McCoy v. Comm'r of Internal Revenue

Decision Date09 March 1972
Docket NumberDocket No. 4926-69.
Citation57 T.C. 732
PartiesROBERT L. McCOY AND EVA M. McCOY, PETITIONERS v. COMMISSIONER OF INTERNAL REVENUE, RESPONDENT
CourtU.S. Tax Court

OPINION TEXT STARTS HERE

Orvall L. Viers, for the petitioners.

J. C. Linge, for the respondent.

Petitioner's husband realized income in 1965 upon the incorporation of a partnership whose liabilities exceeded the adjust basis of the transferred assets, but he did not report the gain in the joint income tax return filed that year. T.C. Memo, 1971-34. Held, petitioner is not relieved of joint and several liability for tax under sec. 6013(e), I.R.C. 1954, since her lack of knowledge of the omission was merely ignorance of the legal tax consequences of the incorporation, of which her husband was equally unaware.

TIETJENS, Judge:

The first opinion in this case was issued as a memorandum filed February 23, 1971. At that time we sustained, after minor adjustments, the deficiencies for 1964 and 1965 determined by the Commissioner in the individual income tax of the petitioners, who filed joint returns for the 2 calendar years and who at all time throughout this proceeding have been living together as husband and wife. After our decision was promulgated we granted petitioners' motion 6013(e),1 which was added to the Internal Revenue Code by section 1, Pub. L. 91-679, on January 12, 1971, a date subsequent to the close of the trial. In that connection we set the case for a further hearing on the issue whether Eva M. McCoy should be relieved of liability for tax for the year 1965 under the provisions of the new statute.

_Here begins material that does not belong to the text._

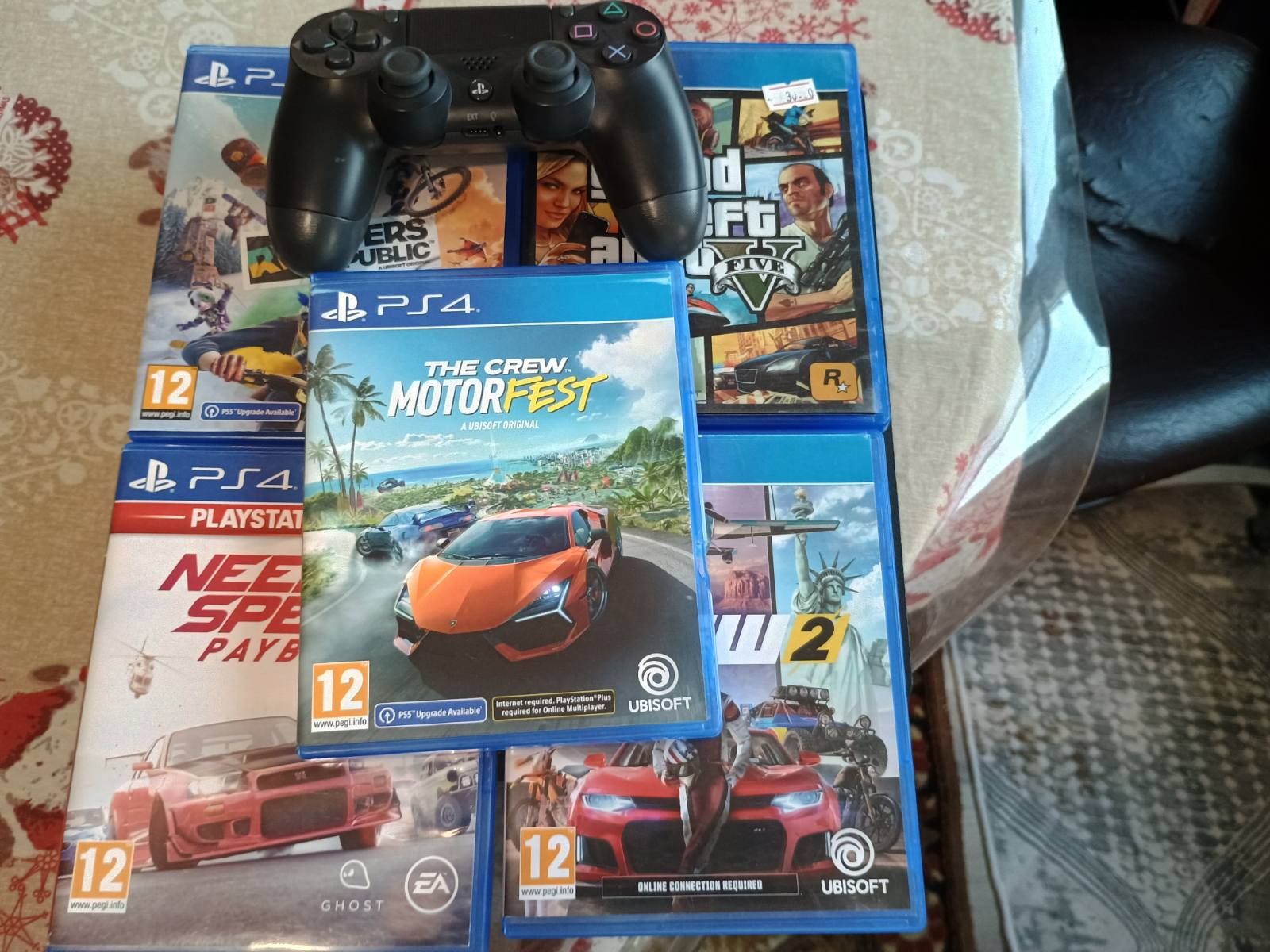 Ps4 slim l 1TB с пет игри и нов джойстик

The deficiency of $15,398.82 for 1965 is largely attributable to gain realized and recognized under section 357(c) upon the incorporation on January 1, 1965, of the business which Robert E. McCoy carried on as an equal partner with one James E. Curry. We determined that in connection with the transfer of the business the corporation assumed liabilities which exceeded the adjusted basis for the assets in the hands of the partnership and which amounted to taxable income. In the statutory notice the Commissioner added approximately one-half of the gain to the gross income of the petitioners. They contend now only that Eva McCoy should be relieved of liability for the tax attributable to that income.

The record consists of the stipulation of facts, the exhibits, and the testimony received at the trial on September 9, 1970, as incorporated in T.C. Memo. 1971-34, and the testimony received at the hearing held October 5, 1971.

FINDINGS OF FACT

All of the omitted gross income in question is attributable to Robert McCoy. The only ocasion Eva McCoy earned income of her own was a 3-month period, not in the taxable years, during which she was employed as a draftsman by a consulting engineering company. She was aware that James Curry and her husband were partners in the business and she knew the general nature of their work. The daily activities or the particular projects that the company engaged in were not familiar to her.

Eva McCoy took no part in the preparation of the joint income tax returns, but she did peruse them when she signed her name.

In 1965, the McCoys owned a six-room house which was mortgaged and two old-model automobiles. There were no dependents. Had Robert McCoy personally been required to make good on $75,000 to $150,000 worth of the partnership liabilities at that time he would have strained the family budget severely if he succeeded at all in discharging the obligations.

OPINION

Neither party questions that the requirements of section 6013(e)(1)(A) have been satisfied, nor do we.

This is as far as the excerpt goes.